Graphic photographs of the Carterton hot-air balloon tragedy three years ago have been released, in line with some family members' wishes, and after a photographer dropped his appeal against their publication.
Eleven people including pilot Lance Hopping died when the balloon hit power lines and caught fire on 7 January 2012.
The four images now able to be published show it burning up in mid-air.
The High Court had allowed their publication in a October ruling last year but the photographer, Geoff Walker, appealed, claiming it would breach his copyright.
Mr Walker has now dropped that appeal.
Some of the victims' families last year supported the release of the photos, saying they illustrated the danger of hot-air balloons.
Radio New Zealand News has chosen to publish only two of the photos released today.
The father of one of the victims of the crash has said the publication of photos of the tragedy was necessary to send a warning about the danger of ballooning.
Allan Still - the father of the youngest victim, Alexis - said their release was the best outcome from the coroner's inquest.
"It's going to be a bit tough seeing those ... We've actually seen the photographs, anyway. But I guess having them out in the public arena is just another step.
"I can only speak for our family - but we're happy to have them released, because we feel that the public of New Zealand should be completely aware of what can happen when you hop into a hot-air balloon.
"All we can really try to achieve now is that that sort of incident isn't repeated again."
Mr Still said the photographs may not prevent people from ballooning but it may make them more aware of the risks.
Photographer drops appeal
The coroner had ruled during the inquest that four photos taken during the crash could be published - but Mr Walker had asked the High Court to overturn that ruling.
His appeal was lodged on 4 November 2014, the day they were due to be published, on the grounds they breached his copyright.
They have since been held on court file and are now able to be published by the media, after Mr Walker on Wednesday dropped his appeal.
He had already released a number of photos taken before the flight.
Mr Walker told Checkpoint he was disappointed the photos were now able to be published. He said the coroner had not asked to use his photos.

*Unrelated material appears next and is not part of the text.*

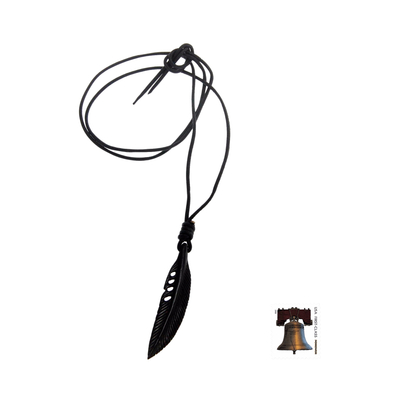 Men's leather pendant necklace, 'Crow Feather Totem' - Hand Carved Horn Necklace on Leather Cords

"I loaned them to the police and that's the end of the story. They've passed them to the coroner and the coroner thinks they're his."
He said there was no public interest in publishing the images.
"The ballooning people don't want them released. The fire brigade don't want them released. The ambulance people don't want them released. The victim support people don't [want them] released. Some of the families at least don't want them released - there's a few that do.
"Of the thousands of people that have spoken to me, maybe one or two could see any value in having them released."
He added that he was not looking for compensation.
"It's not about money. It's about my decision what to do with my things. That is what copyright is about."
Mr Walker said he had huge interest from international media who wanted to purchase the photographs but he had turned them down out of respect for the victims.
His lawyer, Mary Scholtens, said an agreement was reached that he would remain the owner of the photos but the coroner's decision overrode that.
"There was an understanding between Geoff Walker and the police that they'd be provided to the coroner but that the photos remained within Geoff's ownership ... but the police put all the photos to the coroner," she said.
"From then on, Geoff really didn't have any control or particular say over what happened."